On Monday night, Joanne Voller broke her silence and revealed her deep regret for turning her 11-year-old son into authorities, the end result of which was that his formative years were spent in the juvenile justice system.
"When he was 11, that's when he broke my window and I was told if I reported him for breaking the window, he'd get the help he needed. But it is not what he received while he was in jail," Joanne told The 7:30 Report.
Voller's sister, Kirra, said a lack of trust caused Voller's misbehaviour. Voller had attended more than five different schools between six and nine due to behavioural problems which led his mother to contact the Northern Territory Department of Children and Families.
"At the time, he needed counselling to help with his anger issues, but it's not what he received in jail," Joanne said.
"I was seeking help, I was asking for help. I in no way thought he would be hooded and chained to a chair or thrown in isolation for 200 days at a time."
Voller's case worker, Antoinette Carroll, told the 7:30 program on Monday night a lack of resources and failed commitment to funding led to Voller returning to the detention centre -- and now an adult prison -- time and time again.
"Endless court reports were presented on his behalf from services to say this is what should happen, clearly outlining a good post-release plan, but again that needed resourcing," Carroll told the program.
Carroll said that the Department of Children and Families refused to fully implement the post-release plan due to the high cost.

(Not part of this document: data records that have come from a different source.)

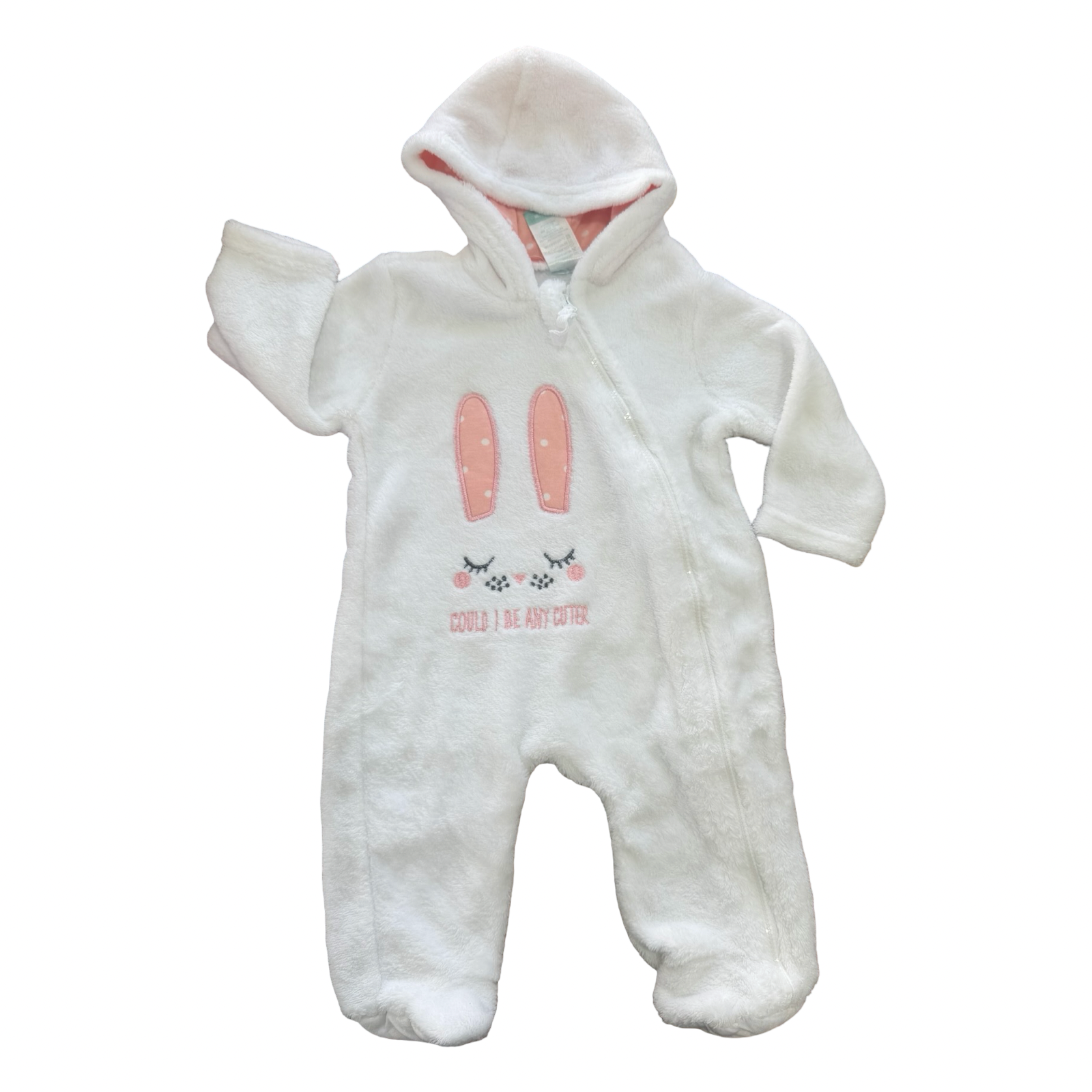 0-3M White Fleece Bunny Zipper Onesie - Ackermans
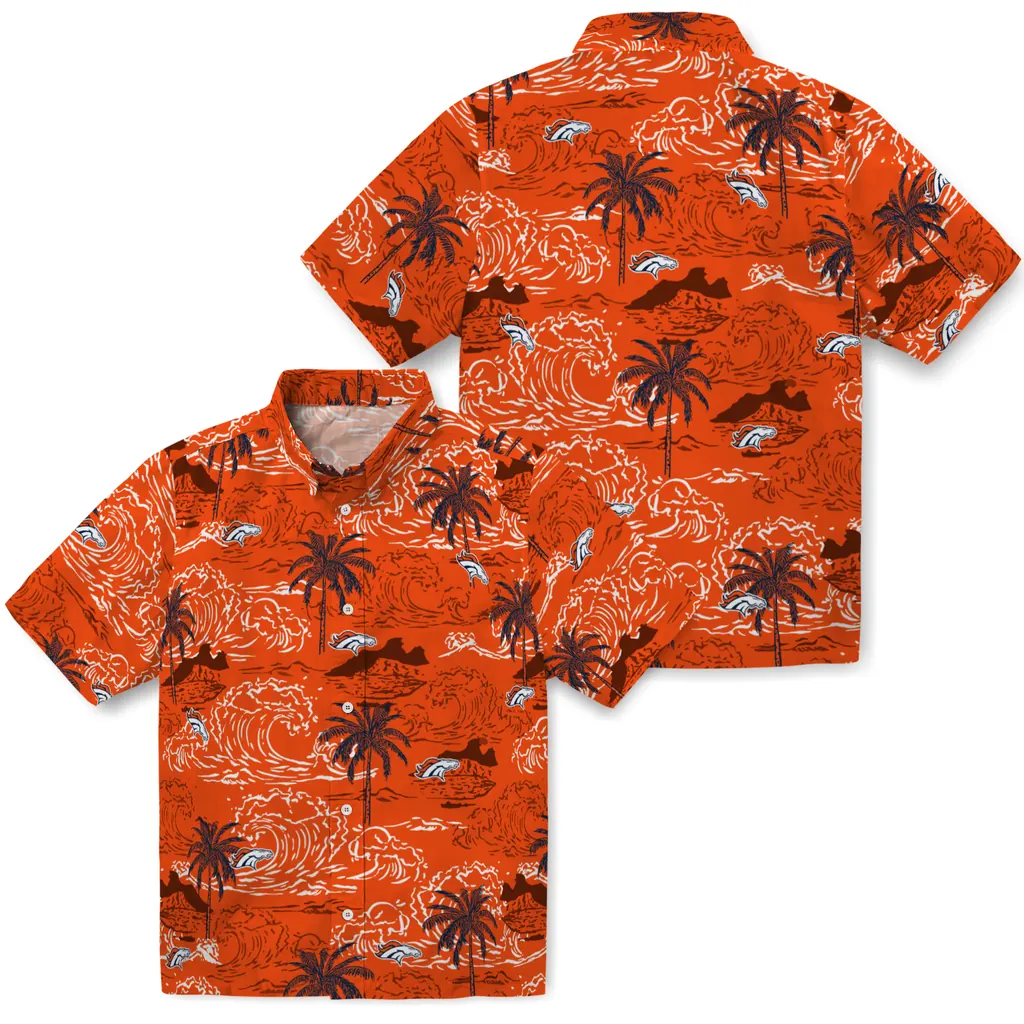 Denver Broncos Hawaiian Shirt - Wave Palm denver broncos wave palm orange hawaiian shirts high quality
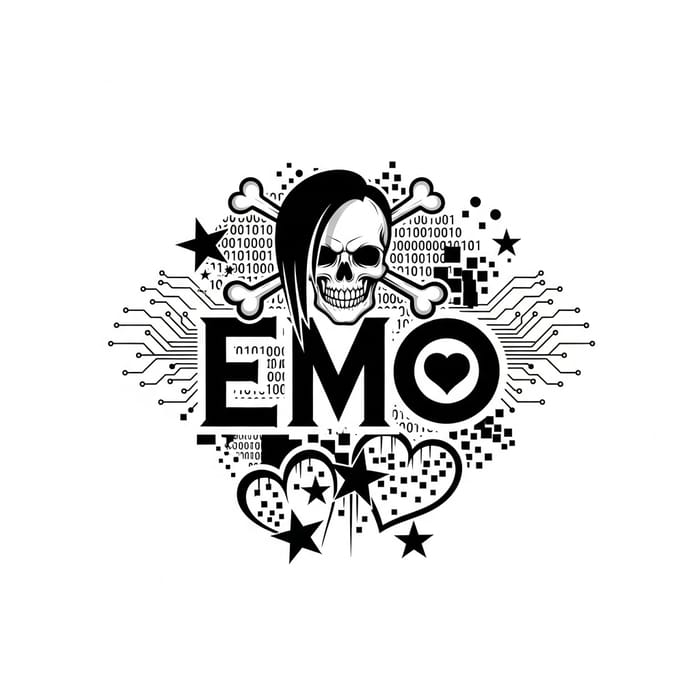 Modern Cyber EMO Clan Logo Design in Black & White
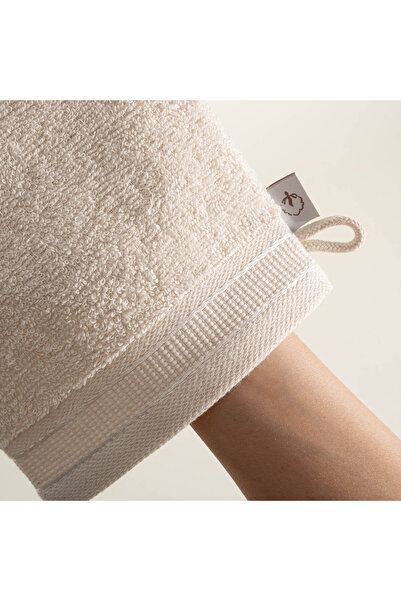 Ecocotton Towel Bath Washcloth 100% Cotton Curl Set of 2 with Covering Border Cream 15x20 Cm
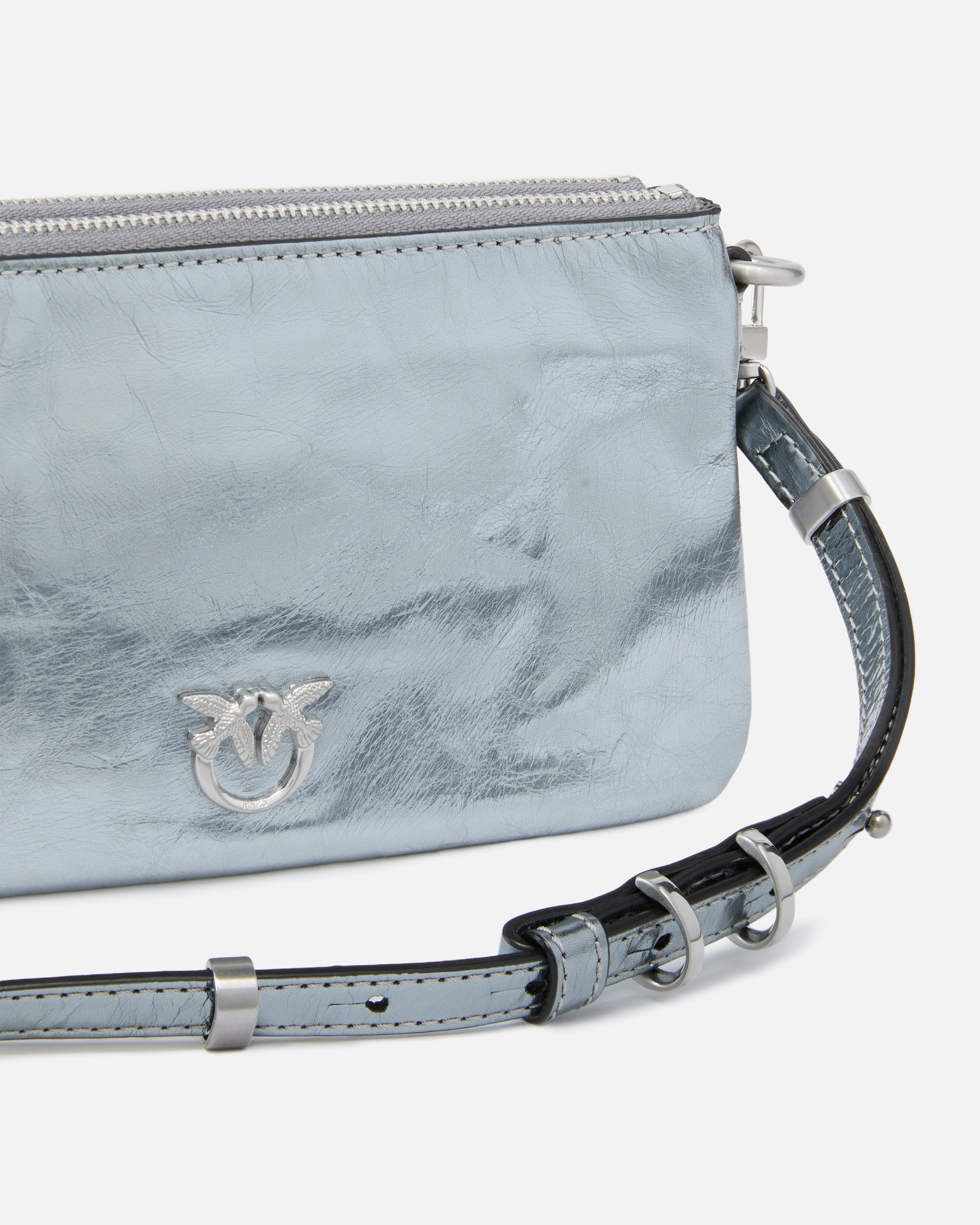 Pinko Mini Double Bag In Laminated Leather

"This was ongoing 24/7 support to the family -- very cost effective in the long term, when we see the lengthy incarceration cost that Dylan Voller has gone through," she said.
Since the explosive Four Corners report and the announcement of a Royal Commission into the NT juvenile justice system, Voller's lawyers have petitioned the Northern Territory Administrator to grant him an early release.
He is serving time for a serious assault and is now 19 years old.
"I'd say out of the last seven years he's probably been out six, seven, eight months since [the age of] 12, so pretty much his whole childhood he's spent in jail," Joanne told the program.
"I really feel like I failed him by ringing the police that day when he broke my window to be honest."